I wonder if we are reaching the point where we would need to write formal proofs for parts of the kernel code.

How to ruin Linus's vacation

Posted Jul 19, 2011 20:48 UTC (Tue) by smurf (subscriber, #17840) [Link]

Unfortunately, any VFS operation needs to be formally described not as in "X happens", but as in "there is an arbitrarily complex state Y which is transformed into the almost-identical state Y', and the only relevant difference between Y and Y' is X". (There may be non-relevant differences, e.g. cache state.)

Add in the fact that the kernel is reentrant (formal descriptions for concurrent processes? Dream on) and has the aforementioned caching and RCU and whatnot (so for each file there are multiple valid pre- and postconditions), and you're in for a _real_ treat.

I very much doubt that anybody can manage this for any specific non-trivial testcase, much less in general.

How to ruin Linus's vacation

Posted Jul 20, 2011 3:24 UTC (Wed) by bfields (subscriber, #19510) [Link]

Well, it's also true that you can't write purely "formal" proofs for most mathematical theorems. And yet, mathematics gets done, because people can write perfectly good proofs in ordinary language.

And in fact anyone that writes non-trivial code probably does form in their head at least a hand-wavy proof of its correctness. If those actually got written down, it would probably help clarify thinking and avoid some bugs. But that doesn't happen for the same reason that nobody writes documentation.

An example of an exception: Documentation/filesystems/directory-locking.

How to ruin Linus's vacation

Posted Jul 20, 2011 4:05 UTC (Wed) by viro (subscriber, #7872) [Link]

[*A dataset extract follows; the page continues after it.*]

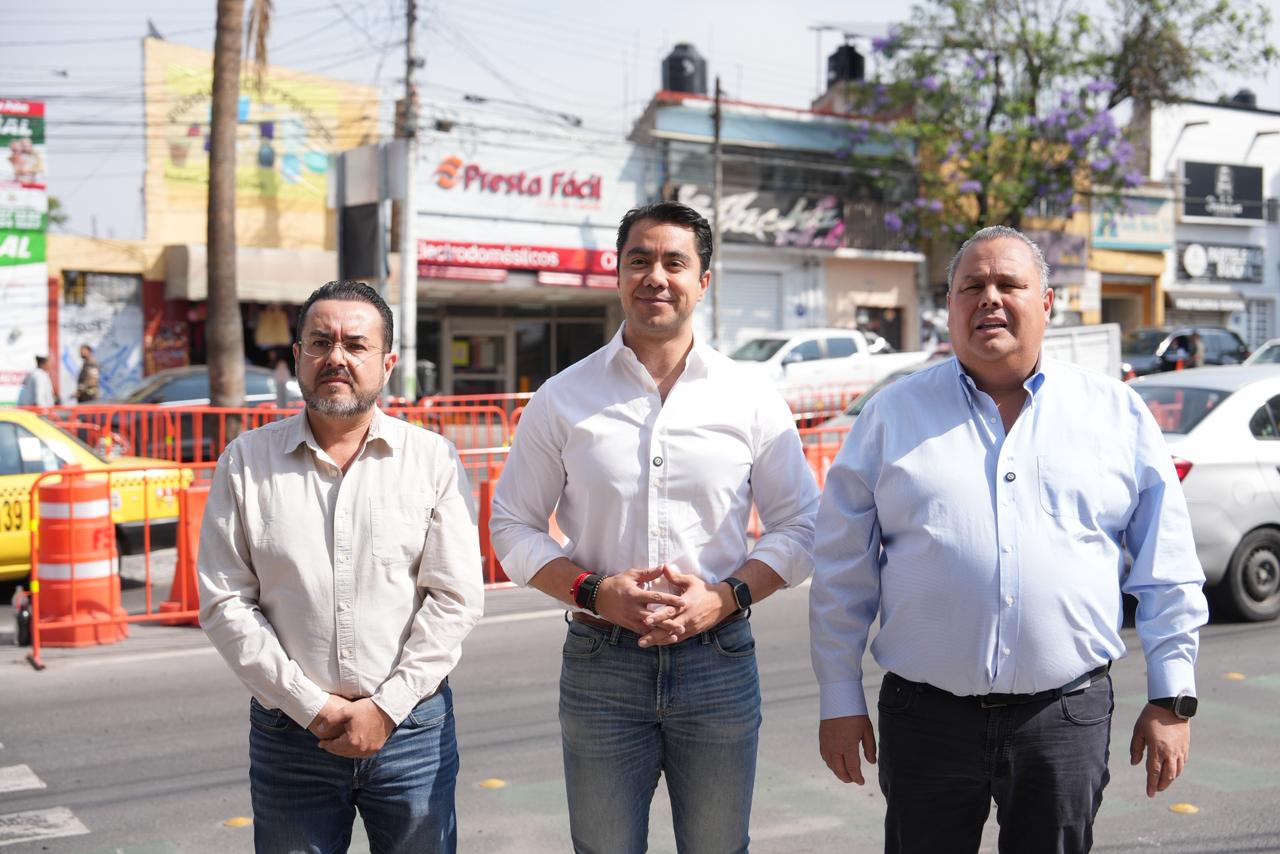 Imagen de Refuerza Felifer Macías operativo vial en Corregidora Norte por obra del Tren México–Querétaro 5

Yeah, well... you forgot to add "and actually read" to conditions... Exhibit A: people adding hardlinks to directories or equivalents thereof, despite the aforementioned example of documentation ;-/

We do need such writeups, of course. If nothing else, writing them tends to find holes - see e.g. ->d_lock mess discussion on fsdevel lately. There the locking order had been fscked in head (not transitive, for one thing), but locks outside of that set had mostly avoided bad trouble. Trying to write the proof of correctness hadn't been fun (and what I've got still relies on unverified assumptions about the things filesystem code does not do; verifying those has already caught a bunch of really broken things), but it helped to catch rather nasty stuff. Simply by reasoning about the properties of counterexample - i.e. "what would a deadlock have to look like". It's math, like any other...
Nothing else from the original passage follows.